I have a 2014 F-250 Super Duty 6.7 liter diesel truck that is equipped with four upfitter (auxiliary) switches. These four switches can control a variety of equipment and are rated for higher amperage starting on switch 1 and the lowest amperage on switch 4.
Setup was pretty easy once I finished digging through three websites, Ford’s “Body Builders Layout Book”, and two YouTube videos.
In order to idle to your desired RPM, you will need to install a resistor between wires “SOLID GREEN” and “WHITE/BROWN” on the driver’s side floor near the parking brake lever. There is a white tag with capped wire ends for customer accessories. Once the resistor is in place connect the “SOLID BROWN” auxiliary switch wire to the “YELLOW/GREEN” wire in the accessory bundle. This will enable your high idle when AUX switch 4 is flipped on, truck is in PARK, and the parking brake is ENGAGED.
How do you know what resistor controls the idle speed?
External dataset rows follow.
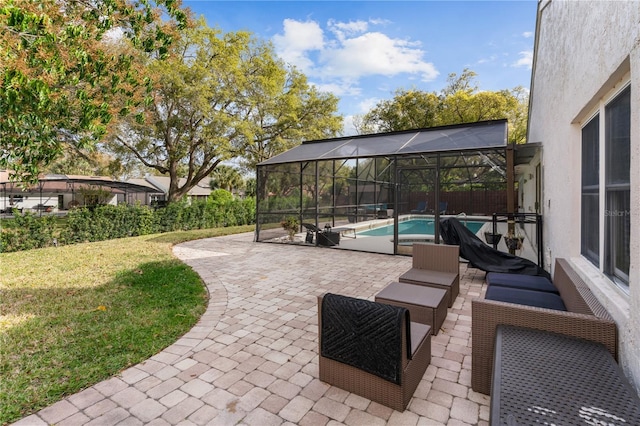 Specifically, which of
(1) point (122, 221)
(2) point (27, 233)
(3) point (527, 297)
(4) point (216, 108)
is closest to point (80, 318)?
(3) point (527, 297)

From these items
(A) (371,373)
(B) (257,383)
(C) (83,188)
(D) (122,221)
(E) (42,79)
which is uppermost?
(E) (42,79)

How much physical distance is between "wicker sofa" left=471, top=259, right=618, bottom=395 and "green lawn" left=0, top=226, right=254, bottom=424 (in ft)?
8.86

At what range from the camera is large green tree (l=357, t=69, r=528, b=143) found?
709 inches

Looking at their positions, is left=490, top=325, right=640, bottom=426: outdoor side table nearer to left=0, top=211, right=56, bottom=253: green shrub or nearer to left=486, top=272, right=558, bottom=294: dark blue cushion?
left=486, top=272, right=558, bottom=294: dark blue cushion

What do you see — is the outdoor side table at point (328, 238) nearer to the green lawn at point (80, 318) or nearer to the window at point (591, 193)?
the green lawn at point (80, 318)

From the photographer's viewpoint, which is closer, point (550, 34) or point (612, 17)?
point (612, 17)

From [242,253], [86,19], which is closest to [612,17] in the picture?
[86,19]

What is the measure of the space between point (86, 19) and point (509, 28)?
7769 mm

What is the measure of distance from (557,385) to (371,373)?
1.03 metres

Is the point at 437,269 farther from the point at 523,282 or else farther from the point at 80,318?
the point at 80,318

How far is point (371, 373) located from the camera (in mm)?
2061

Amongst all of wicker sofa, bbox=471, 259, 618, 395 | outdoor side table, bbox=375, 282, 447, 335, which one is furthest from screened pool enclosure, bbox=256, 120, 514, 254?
wicker sofa, bbox=471, 259, 618, 395

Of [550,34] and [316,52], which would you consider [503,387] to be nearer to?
[550,34]

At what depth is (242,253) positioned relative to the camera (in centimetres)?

Easy: read Q-180R2 page 6 table B or if the link is broken, you can download Q-180R2 here: Q-180R2 – 2011 and later F-Super Duty 6.7L Engine Stationary Elevated Idle Control
I picked up these 20K resistors and these 10K resistors on Amazon.
RPM Ohms Volts
900 51000 0.400
1000 36000 0.590
1200 20000 0.971 – 1200 RPMs insert a 20K resistor
1400 12000 1.352 – 1400 RPMs insert a 12K resistor
1600 9100 1.733
1800 6200 2.114
2000 4700 2.495
2200 3300 2.876
2400 2400 3.257
2600 1800 3.638
2800 1100 4.019
3000 680 4.400
This is what you need on the 2014 F-250 6.7L Super Duty:
- A resistor of your choosing. Common resistor options are the 20K resistor. I chose a 10K resistor. See the links above.
- Access to an available auxiliary switch.
- A soldering iron (preferred) or butt-style crimps.
- Shrink tubing and a heat gun (preferred) or electrical tape.